TASK DETAILS → Return exactly the lines of the entries that start at the line containing "France, Charente-Maritime, Fouras, cyclist" and continue to the last line. Omit the pictures.

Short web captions
··········
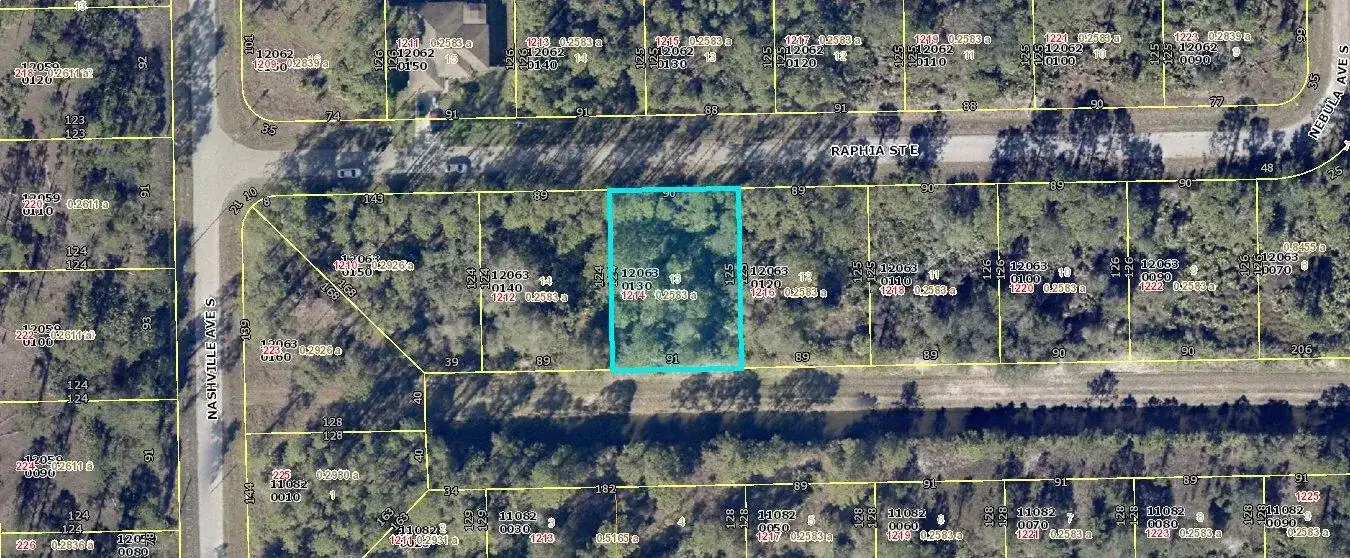 1214 Raphia Street E, Lehigh Acres FL 33974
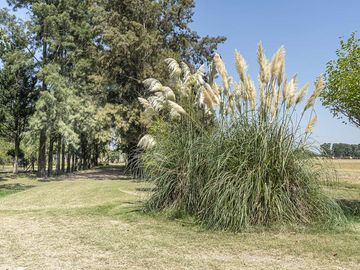 Casa en Exaltacion De La Cruz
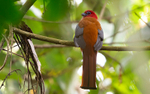 Red-faced Trogon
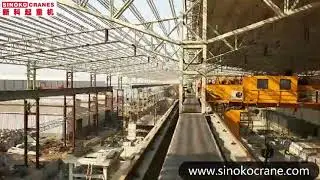 European Overhead Crane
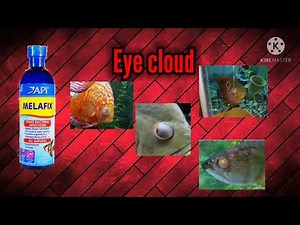 How to use Melafix Api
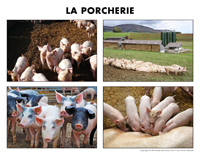 Poni découvre et présente-La porcherie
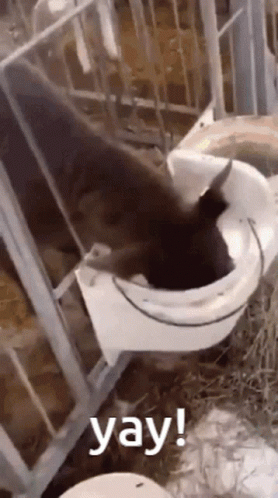 Yay Cow Funny GIF - Yay Cow Funny Cow GIFs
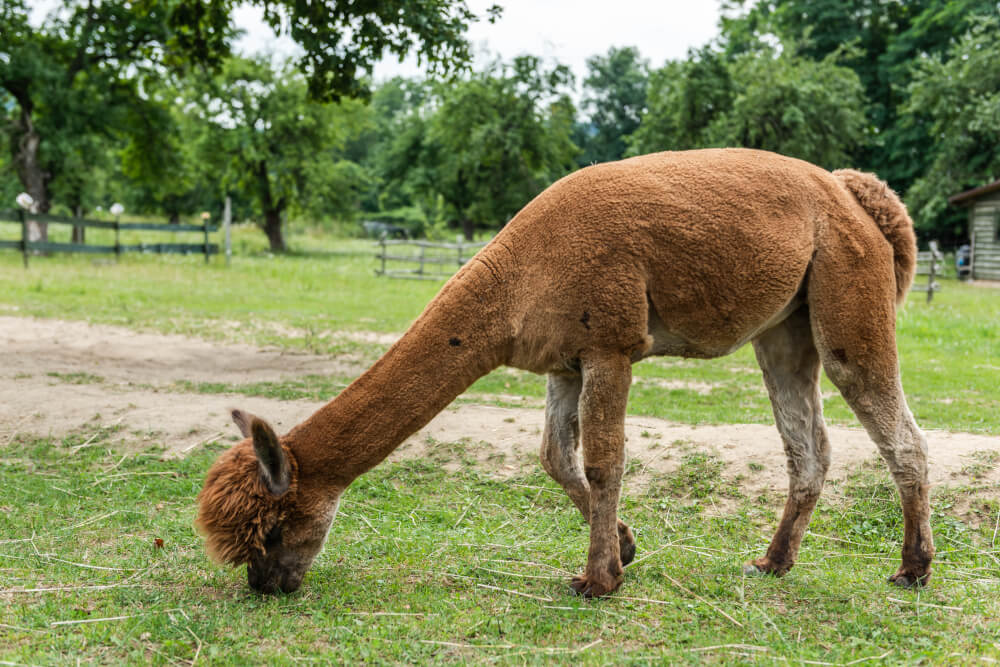 Alpaka po strzyżeniu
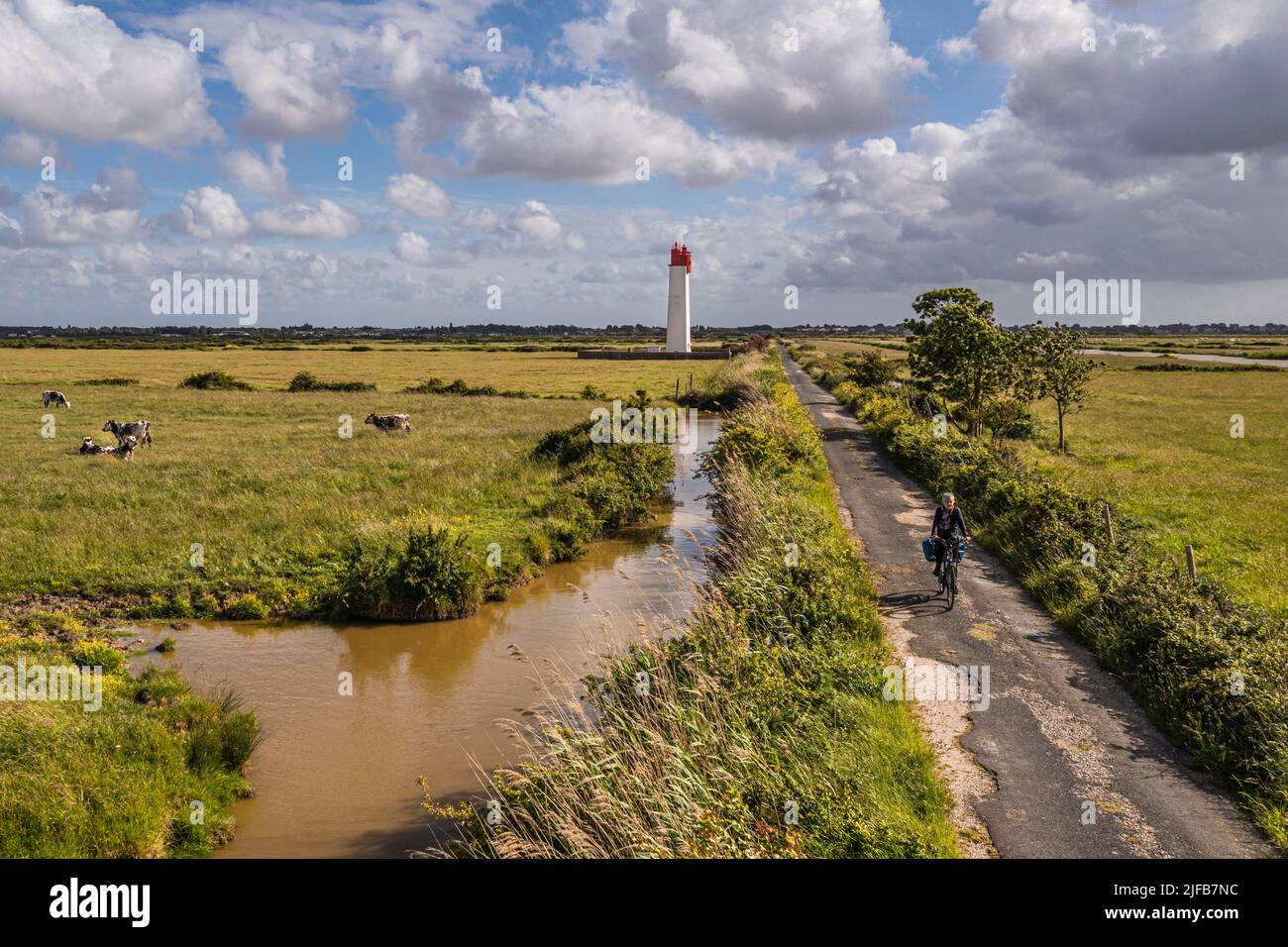 France, Charente-Maritime, Fouras, cyclist traveling along the Flow Vélo cycle route, cows in the salt meadows of the flood-prone areas of the Charente estuary and Soumard rear alignment lighthouse (aerial view) Stock Photo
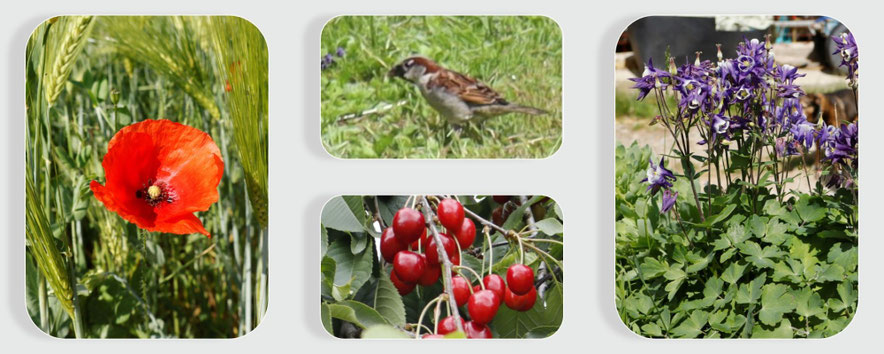 rund um den Hof - Blumen, Früchte und Tiere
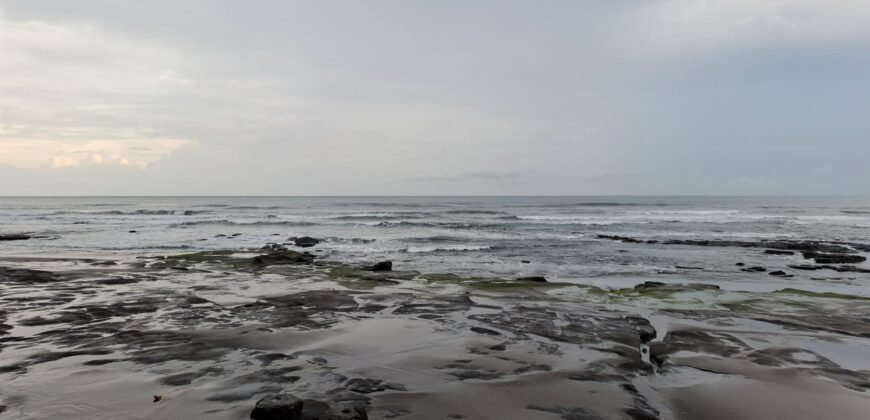 Tanah kebun los pantai tempat bermain surfing di jembrana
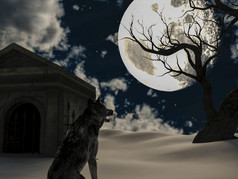 插图狼在的完整的月亮冬天与令人毛骨悚然的树和老地下室呈现插图狼在的完整的月亮冬天与令人毛骨悚然的树和老地下室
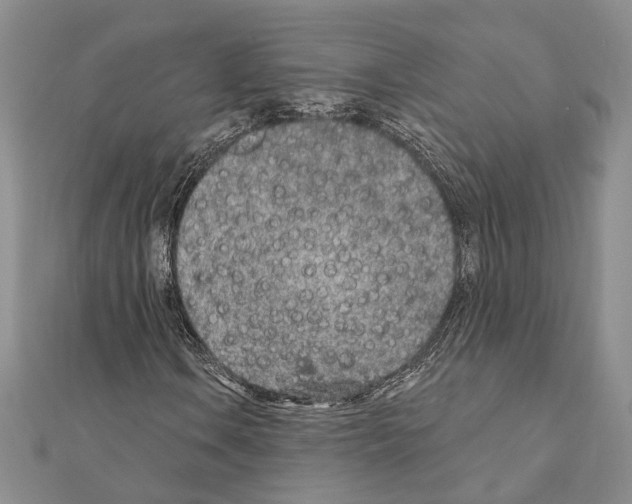 X0000110921106200907301556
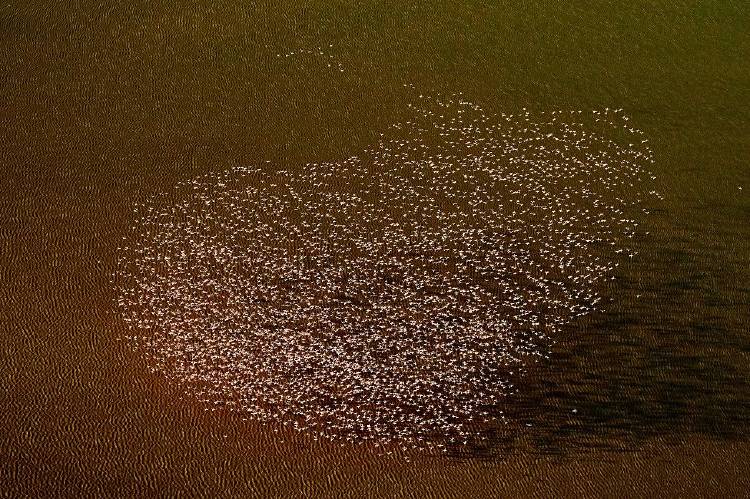 For the love of Flamingoes Peter Hudson For the love of Flamingoes Peter Hudson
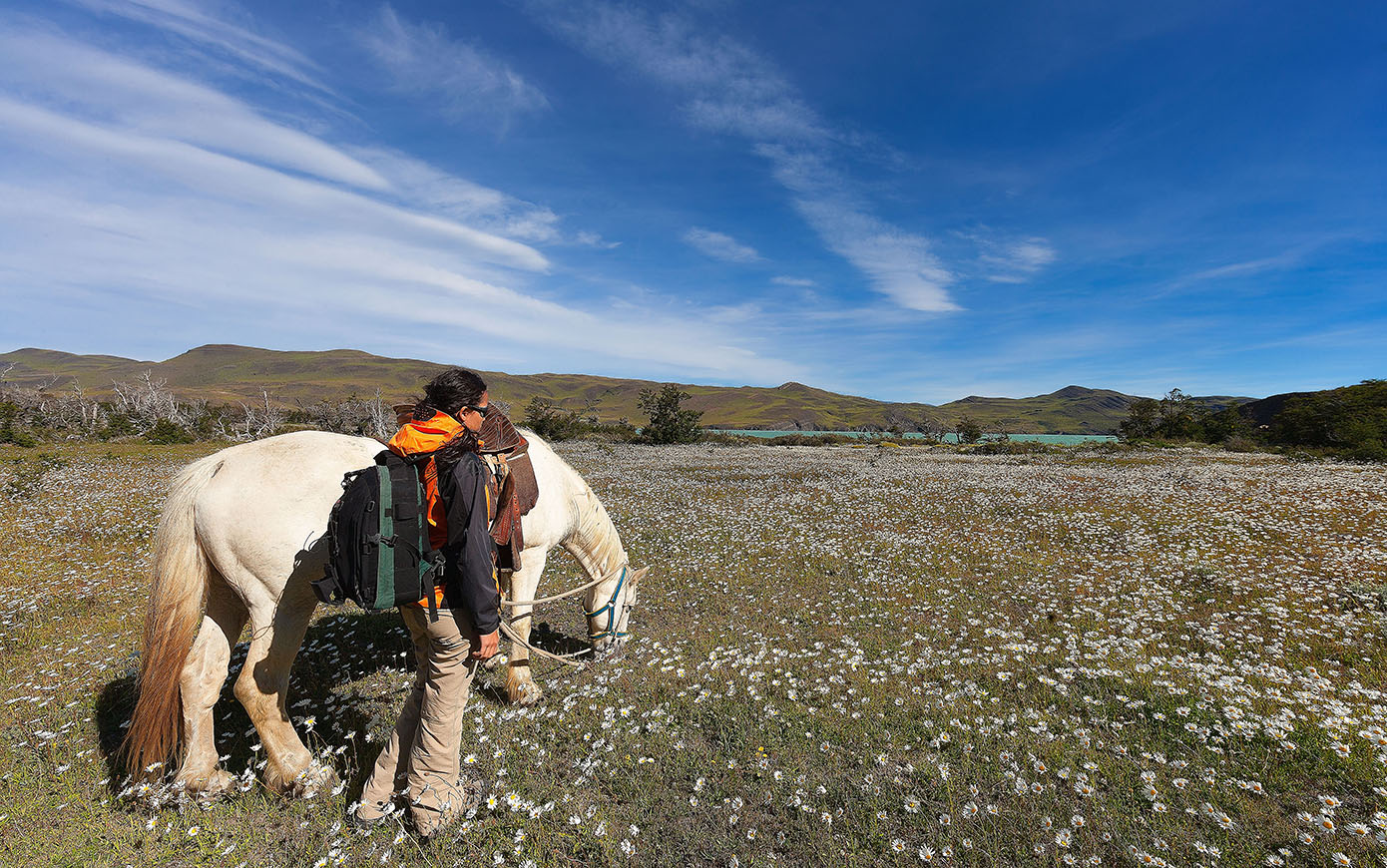 Equipment provided for a horseback safari in Maasai Mara National Park:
··········
SOLUTION TO THE PROBLEM →
 France, Charente-Maritime, Fouras, cyclist traveling along the Flow Vélo cycle route, cows in the salt meadows of the flood-prone areas of the Charente estuary and Soumard rear alignment lighthouse (aerial view) Stock Photo
 rund um den Hof - Blumen, Früchte und Tiere
 Tanah kebun los pantai tempat bermain surfing di jembrana
 插图狼在的完整的月亮冬天与令人毛骨悚然的树和老地下室呈现插图狼在的完整的月亮冬天与令人毛骨悚然的树和老地下室
 X0000110921106200907301556
 For the love of Flamingoes Peter Hudson For the love of Flamingoes Peter Hudson
 Equipment provided for a horseback safari in Maasai Mara National Park:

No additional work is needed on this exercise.